In the copy, include every record below exactly as it appears, but no pictures.

○ ○ ○ ○

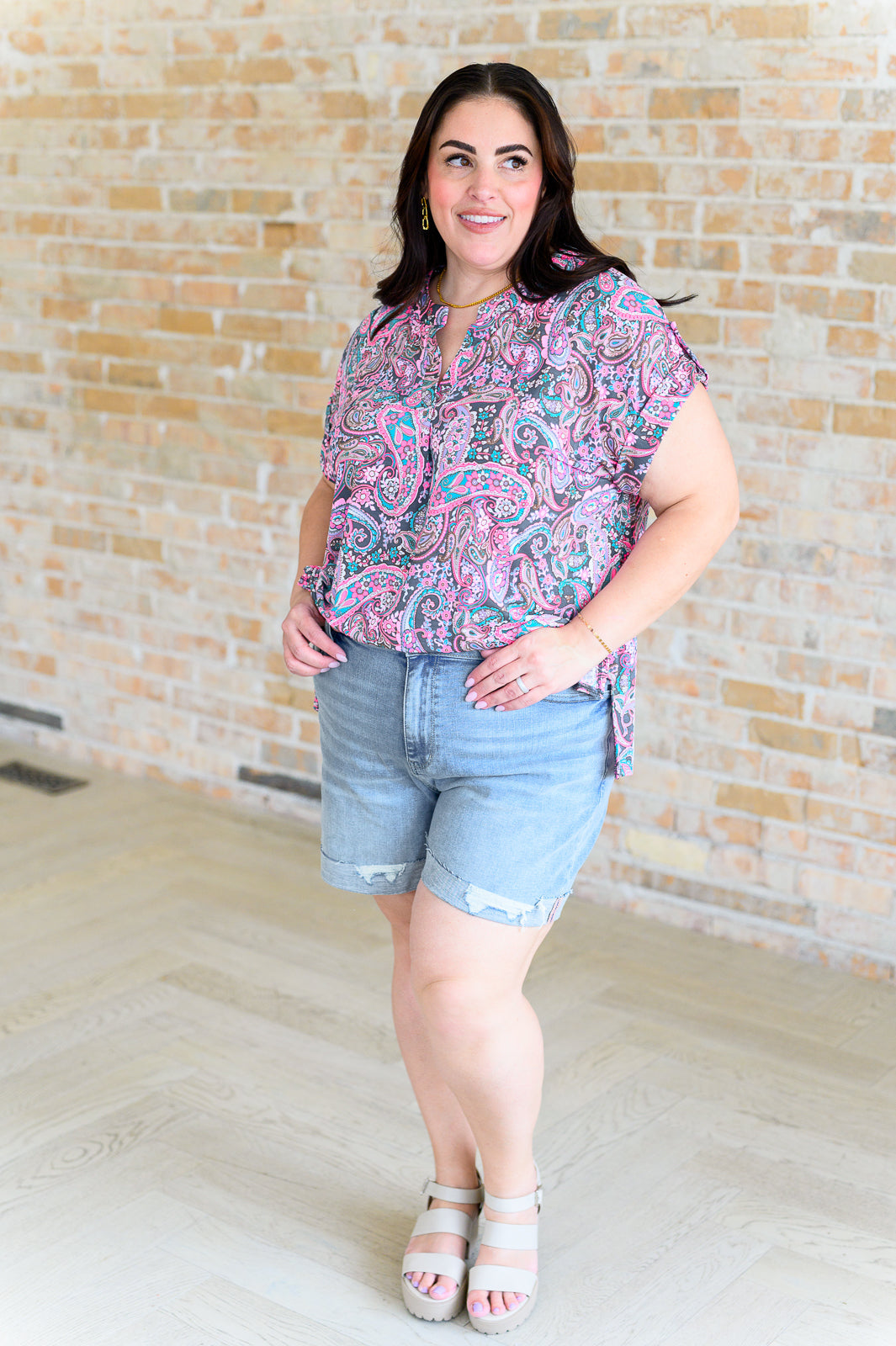Blusa de manga corta Lizzy en color carbón y cachemir rosa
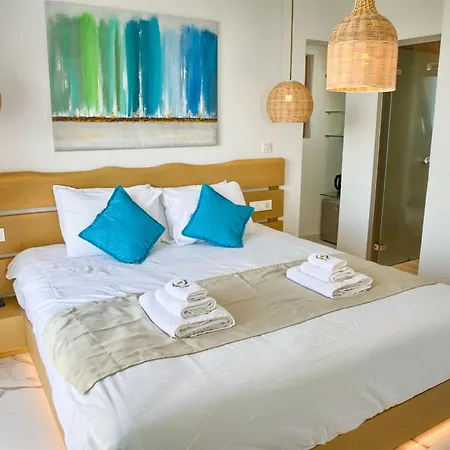 Otel Alia And 3*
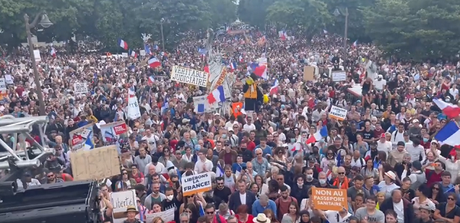 Une des quatre manifestations contre le passe sanitaire et pour la liberté  du 31 juillet 2021 à Paris 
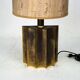Lampe de table en laiton vintage avec abat-jour en tissu – Patine d'origine. Italie années 1970.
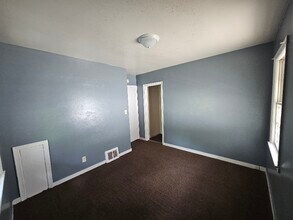 1830 S Kneer Ave in Peoria, IL - Building Photo - Building Photo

○ ○ ○ ○

__Result of this exercise__
Blusa de manga corta Lizzy en color carbón y cachemir rosa
 Otel Alia And 3*
 Une des quatre manifestations contre le passe sanitaire et pour la liberté  du 31 juillet 2021 à Paris 
Lampe de table en laiton vintage avec abat-jour en tissu – Patine d'origine. Italie années 1970.
 1830 S Kneer Ave in Peoria, IL - Building Photo - Building Photo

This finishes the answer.